COVERAGE B – PERSONAL AND ADVERTISING INJURY

A
  • Personal and Advertising Injury coverage is provided under Coverage B of the Commercial
    General Liability policy. The insuring agreement states that the insurer will pay those sums the
    insured is legally obligated to pay because of “personal and advertising injury” to which the
    coverage applies.
    o Personal Injury – Illegal detention, false arrest, or imprisonment.
    o Malicious Prosecution, sometimes referred to as a frivolous lawsuit.
    o Wrongful eviction from, wrongful entry into, or invasion of the right of private occupancy
    of a room, dwelling, or premise.
    o Libel or slander – Oral or written publication of material affecting a person or organization.
  • This coverage protects the insured against any claim or lawsuit an individual or organization
    brings.
    COVERAGE B – EXCLUSIONS
  • The following are exclusions that apply to Coverage B:
    o Knowingly violating the rights of another.
    o Knowingly publishing false oral or written material if done by the insured.

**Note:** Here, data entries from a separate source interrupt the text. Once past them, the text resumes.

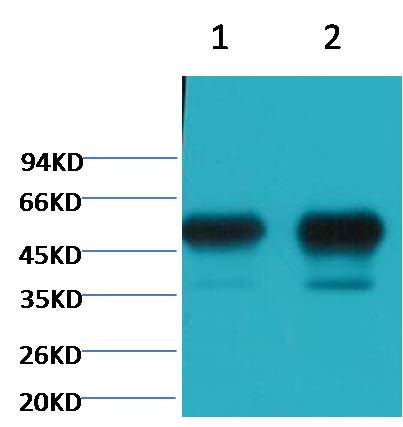Beta II tubulin Monoclonal Antibody (Mix-mA™) (Rodent Preferred)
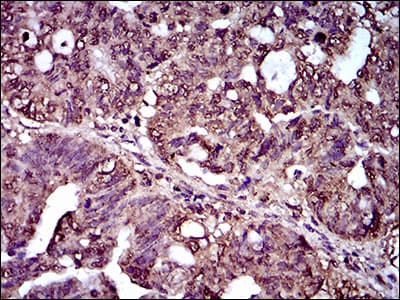 IL2RA / CD25 Antibody (aa34-139, clone 1B5D12)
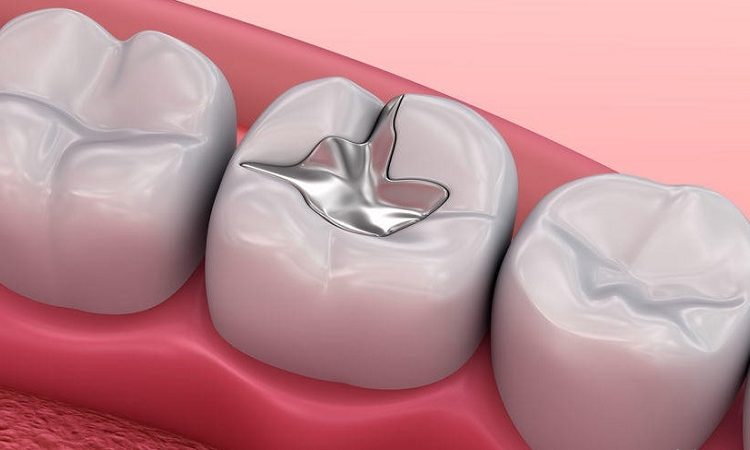 آمالگام چیست؟ | بهترین دندانپزشک اصفهان-بهترین جراح لثه اصفهان-بهترین دندانپزشک زیبایی اصفهان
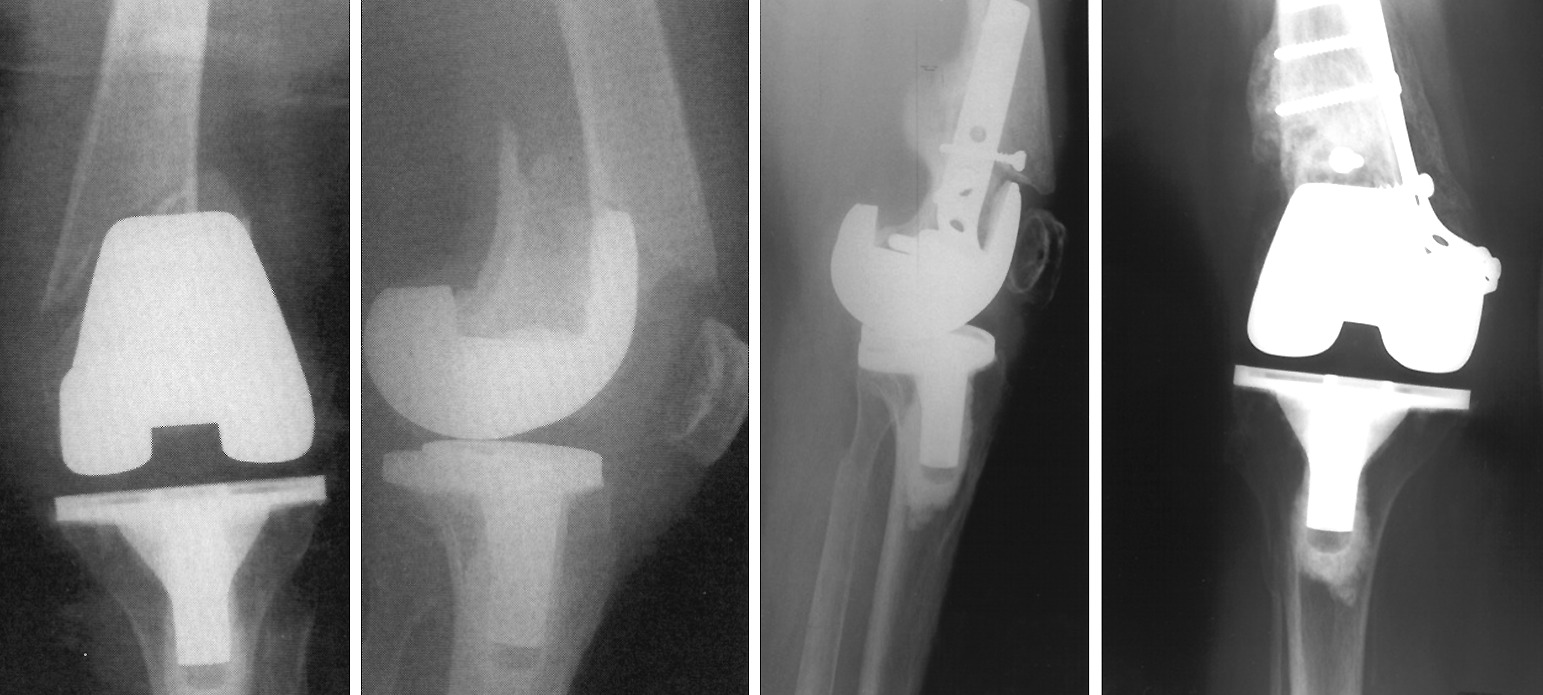 Periprosthetic Fractures Associated With Total Knee Arthroplasty | Bone ...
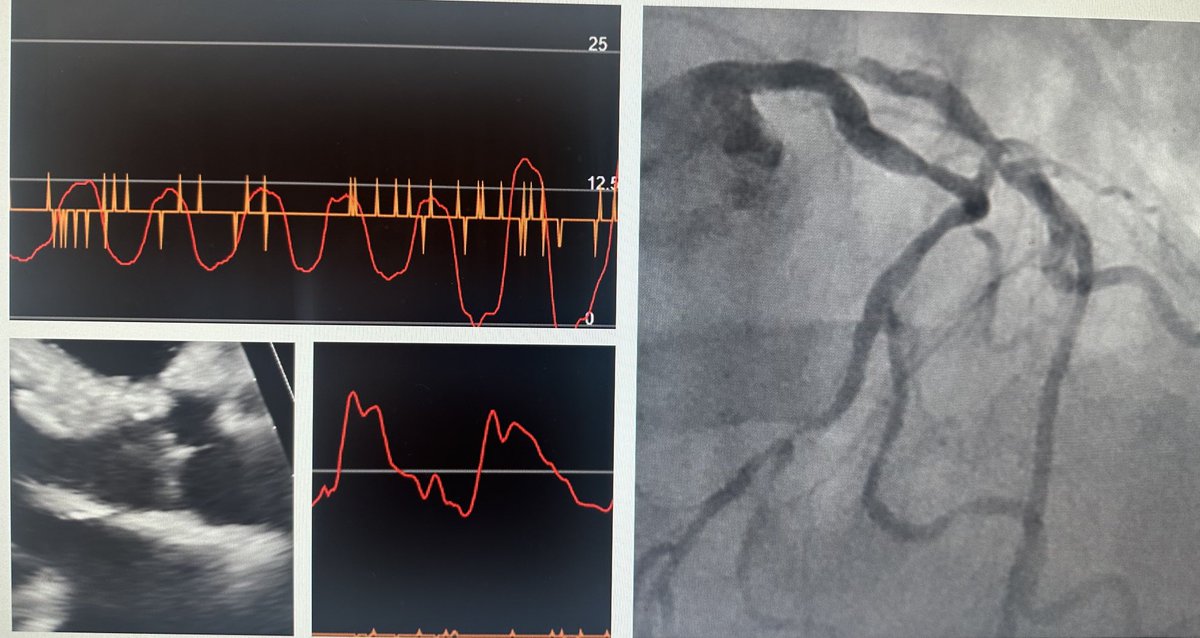 Today’s menu: Four cases and four different indications for surgery. Identify the diseases and reasons for surgery.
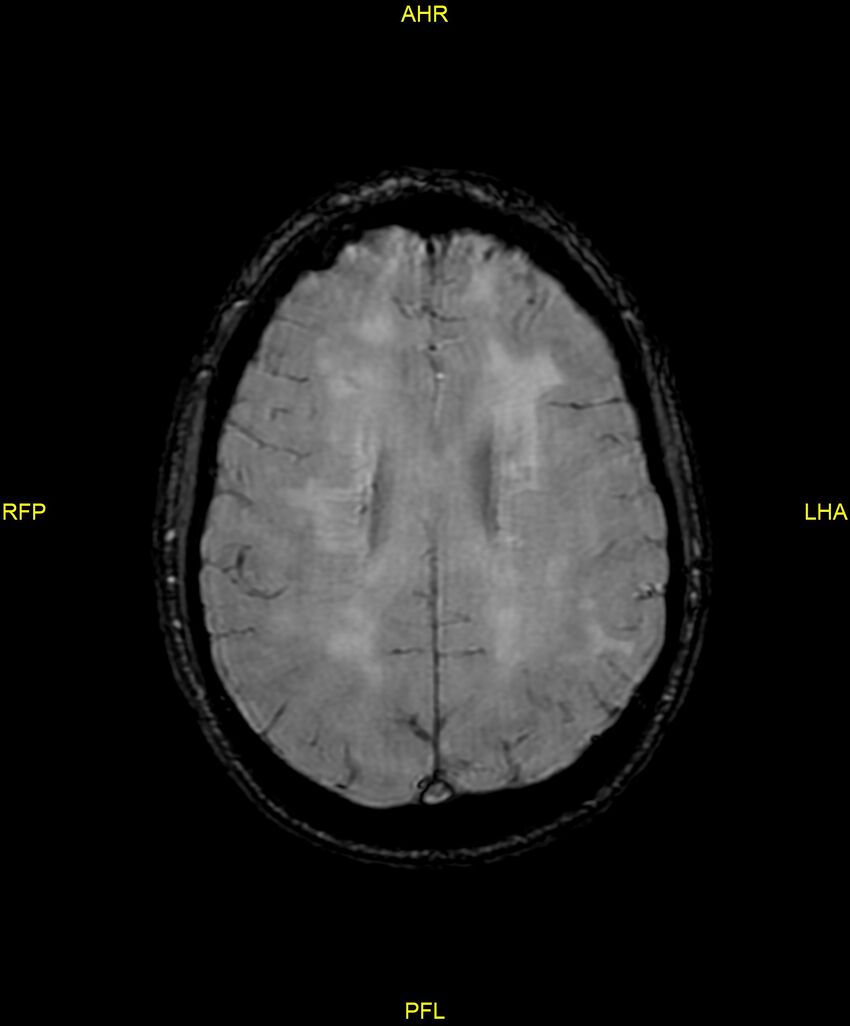 Cerebral autosomal dominant arteriopathy with subcortical infarcts and leukoencephalopathy (CADASIL) (Radiopaedia 86108-102054 Axial SWI 73).jpg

    o Oral or written publication of any material whose first publication took place prior to the
    effective date of the policy.
    o Criminal Acts – Assault.
    o Infringement of Copyright, Patent, Trademark, or Trade Secret.
    o Any Injury as a result of activity by the insured who is in the business of advertising,
    broadcasting, publishing, or telecasting.
    o Designing or determining the content of websites for others.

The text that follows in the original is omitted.